Apter reckons Johns, the man who created the bulk of Silverchair’s music, just wouldn’t have any interest in returning to the fold with drummer Ben Gillies and bassplayer Chris Joannou.
“It’s dead,” Apter says bluntly.
“Daniel’s worth probably $20 million, why would you go through that whole process of awkwardness?
“They’re all well off. Because of their smart management and their close family when they were kids, they’ve all been very well looked-after financially.
“They all made a lot of money and they’ve managed to hang onto it.
“So there wouldn’t be that financial necessity unless something really bad happened to one of them.
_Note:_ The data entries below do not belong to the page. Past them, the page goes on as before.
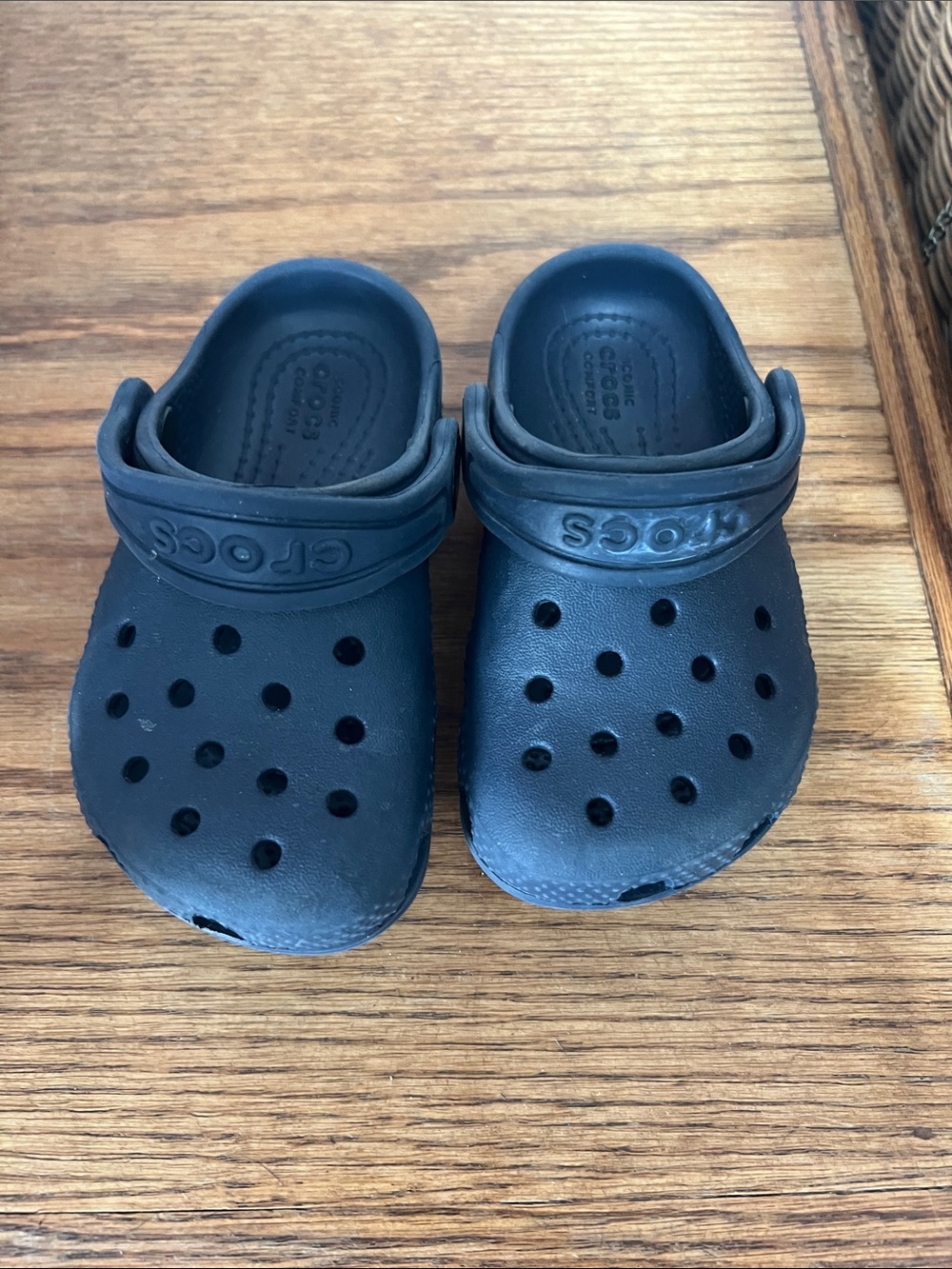 CROCS Kids Navy Black Slip-On Clog Sandals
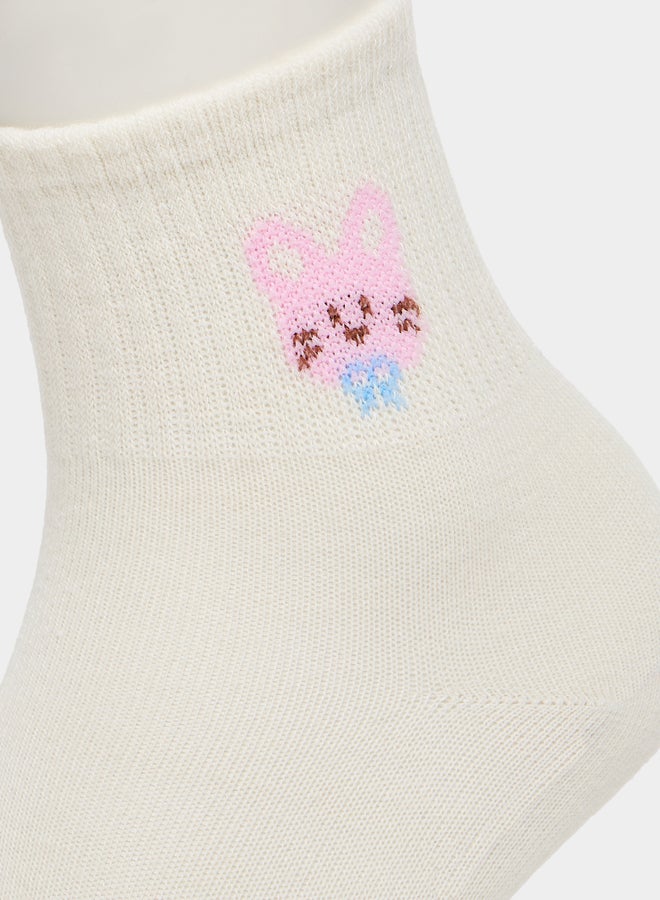 Styli Pack of 5 - Pastel Ankle Socks - Image 5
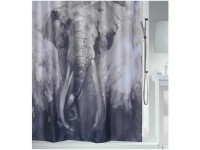 Spirella Duschvorhang Elefant Polyester Grau 180 x 200 cm Spirella Duschvorhang Elefant Polyester Grau 180 x 200 cm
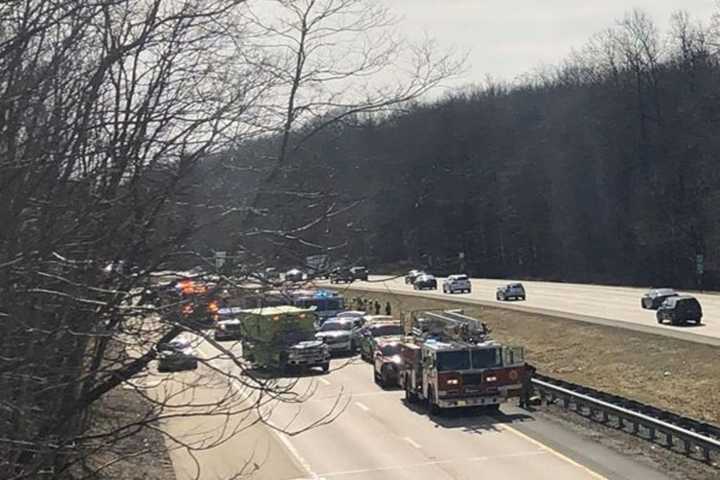 UPDATE: Tractor Trailer Driver Airlifted After Overturning On Route 287 In Edison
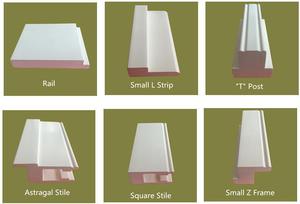 Phụ Tùng Cửa Chớp Trồng Cây Bằng <span class=keywords><strong>PVC</strong></span> Màu Trắng Chất Lượng Cao Hồ Sơ Cửa Chớp Bằng <span class=keywords><strong>PVC</strong></span> - Product Image 5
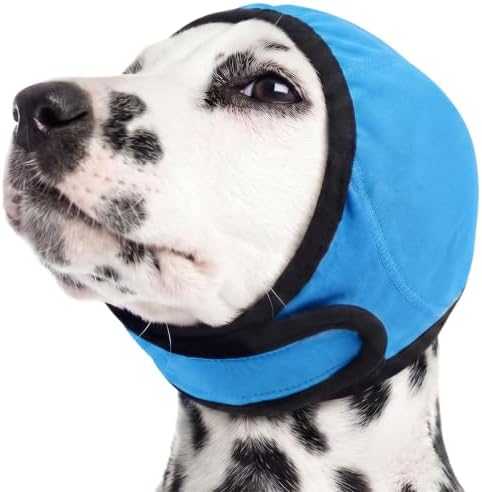 Allroaring Dog Ear Wraps for Fireworks Storm Noise Blocking, Lackblue L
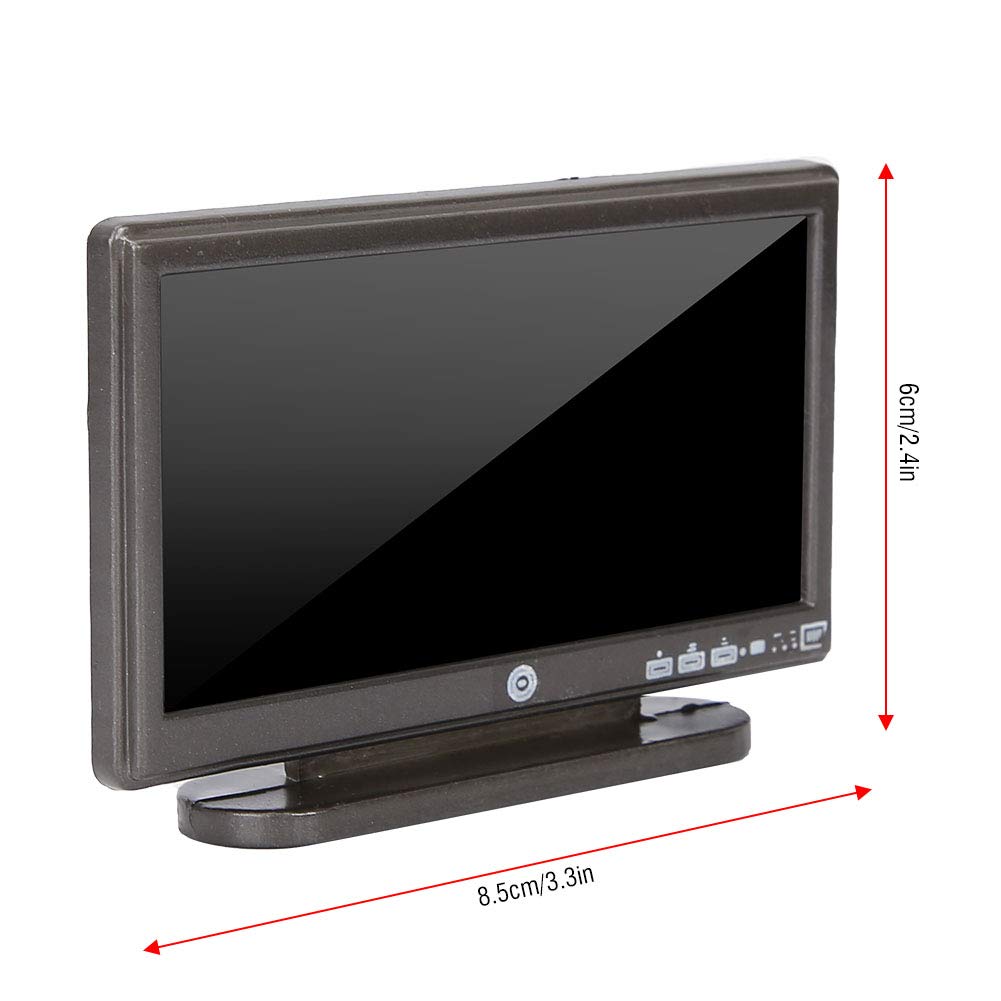Miniature TV Model, Mini Television Decoration, High Details and Workmanship, Decor of Home and Office etc.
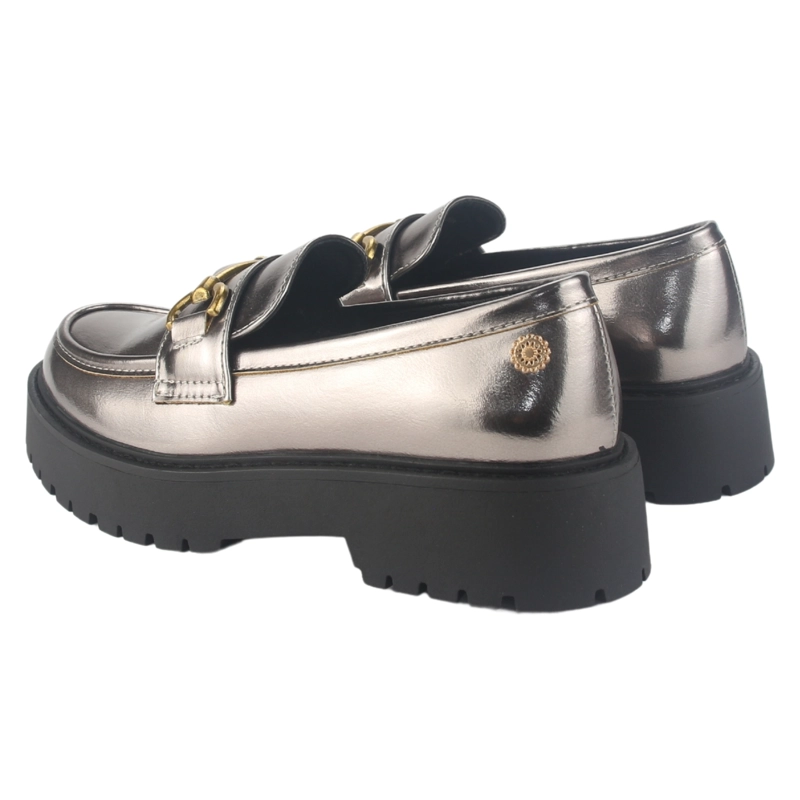 MOCASIN CHALADA MUJER LENIN-4 PLATEADO CASUAL - 6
“And I don’t think Daniel, being the creative voice, could see anything in Silverchair that would meet his creative urges any more.”
The Book of Daniel does call on the work Apter did for that 2006 Silverchair book A New Tomorrow but it’s not simply an updating of the story.
That earlier book was about the band; for this one the focus is on Johns, so Apter filtered everything down to his perspective.
“After that book I really came to understand it really was his band and his vision,” Apter says.
“While Ben and Chris are certainly key figures in that story to a certain extent, it’s really about Daniel.”
Apter was also fortunately a bit of a pack rat; a former writer for Rolling Stone, he’d interviewed the band and those around them a number of times in the early 2000s and had kept all the interview notes.
That came in handy given Johns – and the other band members – weren’t keen to chat for Apter’s new book.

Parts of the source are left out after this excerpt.